═══ Available data ═══

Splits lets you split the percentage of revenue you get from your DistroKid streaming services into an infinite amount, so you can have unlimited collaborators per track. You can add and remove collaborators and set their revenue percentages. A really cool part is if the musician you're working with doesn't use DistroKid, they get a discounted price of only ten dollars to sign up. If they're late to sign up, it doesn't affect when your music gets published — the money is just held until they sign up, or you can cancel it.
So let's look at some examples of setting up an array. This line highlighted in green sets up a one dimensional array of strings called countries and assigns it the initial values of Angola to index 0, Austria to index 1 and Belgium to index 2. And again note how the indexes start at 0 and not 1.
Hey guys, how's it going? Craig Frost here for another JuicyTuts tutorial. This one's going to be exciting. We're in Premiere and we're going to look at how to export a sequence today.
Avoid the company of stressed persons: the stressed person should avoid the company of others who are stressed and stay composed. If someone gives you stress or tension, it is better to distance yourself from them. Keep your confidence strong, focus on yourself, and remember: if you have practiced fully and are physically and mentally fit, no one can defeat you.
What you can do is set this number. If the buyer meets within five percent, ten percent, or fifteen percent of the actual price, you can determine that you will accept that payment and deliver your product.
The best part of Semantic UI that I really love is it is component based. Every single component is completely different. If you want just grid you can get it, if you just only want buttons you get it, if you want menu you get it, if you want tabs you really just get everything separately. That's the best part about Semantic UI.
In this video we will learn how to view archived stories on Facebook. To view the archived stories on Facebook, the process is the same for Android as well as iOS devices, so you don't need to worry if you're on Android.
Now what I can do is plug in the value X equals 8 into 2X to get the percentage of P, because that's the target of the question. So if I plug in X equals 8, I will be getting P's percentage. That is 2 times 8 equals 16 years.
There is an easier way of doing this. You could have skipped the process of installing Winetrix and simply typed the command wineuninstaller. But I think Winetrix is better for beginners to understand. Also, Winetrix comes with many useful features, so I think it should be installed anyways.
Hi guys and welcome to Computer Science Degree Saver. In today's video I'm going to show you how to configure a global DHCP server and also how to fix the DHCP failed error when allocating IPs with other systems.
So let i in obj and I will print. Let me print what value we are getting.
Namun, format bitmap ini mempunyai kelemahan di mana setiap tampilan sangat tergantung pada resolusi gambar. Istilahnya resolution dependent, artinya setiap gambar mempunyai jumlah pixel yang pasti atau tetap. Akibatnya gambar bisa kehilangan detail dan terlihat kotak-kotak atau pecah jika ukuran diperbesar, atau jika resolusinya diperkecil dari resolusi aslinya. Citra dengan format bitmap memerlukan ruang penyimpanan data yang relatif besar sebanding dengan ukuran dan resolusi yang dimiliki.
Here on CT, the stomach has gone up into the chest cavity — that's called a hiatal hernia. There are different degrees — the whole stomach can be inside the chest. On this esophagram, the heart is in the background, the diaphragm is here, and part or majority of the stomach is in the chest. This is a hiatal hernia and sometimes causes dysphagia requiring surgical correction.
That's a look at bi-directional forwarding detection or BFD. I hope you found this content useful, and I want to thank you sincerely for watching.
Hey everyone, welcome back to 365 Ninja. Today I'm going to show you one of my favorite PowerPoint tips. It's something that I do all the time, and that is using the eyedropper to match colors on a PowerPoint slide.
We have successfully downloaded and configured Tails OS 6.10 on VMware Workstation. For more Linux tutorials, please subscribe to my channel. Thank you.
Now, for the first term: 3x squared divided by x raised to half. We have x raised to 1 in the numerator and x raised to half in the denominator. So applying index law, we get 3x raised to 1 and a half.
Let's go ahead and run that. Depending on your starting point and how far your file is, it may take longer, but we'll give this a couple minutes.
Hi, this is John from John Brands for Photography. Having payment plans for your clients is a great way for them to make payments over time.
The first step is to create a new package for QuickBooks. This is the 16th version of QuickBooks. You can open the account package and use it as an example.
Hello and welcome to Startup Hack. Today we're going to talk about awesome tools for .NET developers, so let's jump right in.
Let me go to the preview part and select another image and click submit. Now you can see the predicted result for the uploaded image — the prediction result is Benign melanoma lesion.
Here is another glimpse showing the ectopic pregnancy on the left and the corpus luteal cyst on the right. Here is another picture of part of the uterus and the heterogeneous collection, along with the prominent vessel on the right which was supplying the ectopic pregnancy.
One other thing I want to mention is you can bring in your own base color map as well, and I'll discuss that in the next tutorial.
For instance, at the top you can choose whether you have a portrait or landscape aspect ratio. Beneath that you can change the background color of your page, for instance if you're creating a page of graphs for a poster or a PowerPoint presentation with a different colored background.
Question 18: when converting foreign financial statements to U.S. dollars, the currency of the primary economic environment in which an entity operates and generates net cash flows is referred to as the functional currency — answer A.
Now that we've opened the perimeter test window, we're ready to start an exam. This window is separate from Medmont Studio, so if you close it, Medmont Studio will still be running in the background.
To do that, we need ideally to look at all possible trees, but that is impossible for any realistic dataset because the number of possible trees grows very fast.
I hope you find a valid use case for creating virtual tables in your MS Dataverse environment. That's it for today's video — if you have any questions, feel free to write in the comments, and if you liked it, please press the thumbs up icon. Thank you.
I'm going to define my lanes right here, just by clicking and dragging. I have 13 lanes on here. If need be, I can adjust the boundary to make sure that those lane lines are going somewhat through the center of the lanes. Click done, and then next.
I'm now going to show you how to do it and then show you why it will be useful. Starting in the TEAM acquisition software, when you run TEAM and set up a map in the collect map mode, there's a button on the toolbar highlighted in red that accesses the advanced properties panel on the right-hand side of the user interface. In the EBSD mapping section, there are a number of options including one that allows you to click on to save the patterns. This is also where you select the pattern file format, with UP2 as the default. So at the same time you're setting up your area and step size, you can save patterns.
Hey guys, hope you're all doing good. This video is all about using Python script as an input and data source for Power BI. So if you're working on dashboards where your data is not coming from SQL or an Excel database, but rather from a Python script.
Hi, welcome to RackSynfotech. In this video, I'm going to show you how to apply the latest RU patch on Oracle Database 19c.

═══

§ The problem:
Among the lines above, repeat exactly those from the line with "Let me go to" to the line with "One other thing", counting both ends.

§ Exercise output:
Let me go to the preview part and select another image and click submit. Now you can see the predicted result for the uploaded image — the prediction result is Benign melanoma lesion.
Here is another glimpse showing the ectopic pregnancy on the left and the corpus luteal cyst on the right. Here is another picture of part of the uterus and the heterogeneous collection, along with the prominent vessel on the right which was supplying the ectopic pregnancy.
One other thing I want to mention is you can bring in your own base color map as well, and I'll discuss that in the next tutorial.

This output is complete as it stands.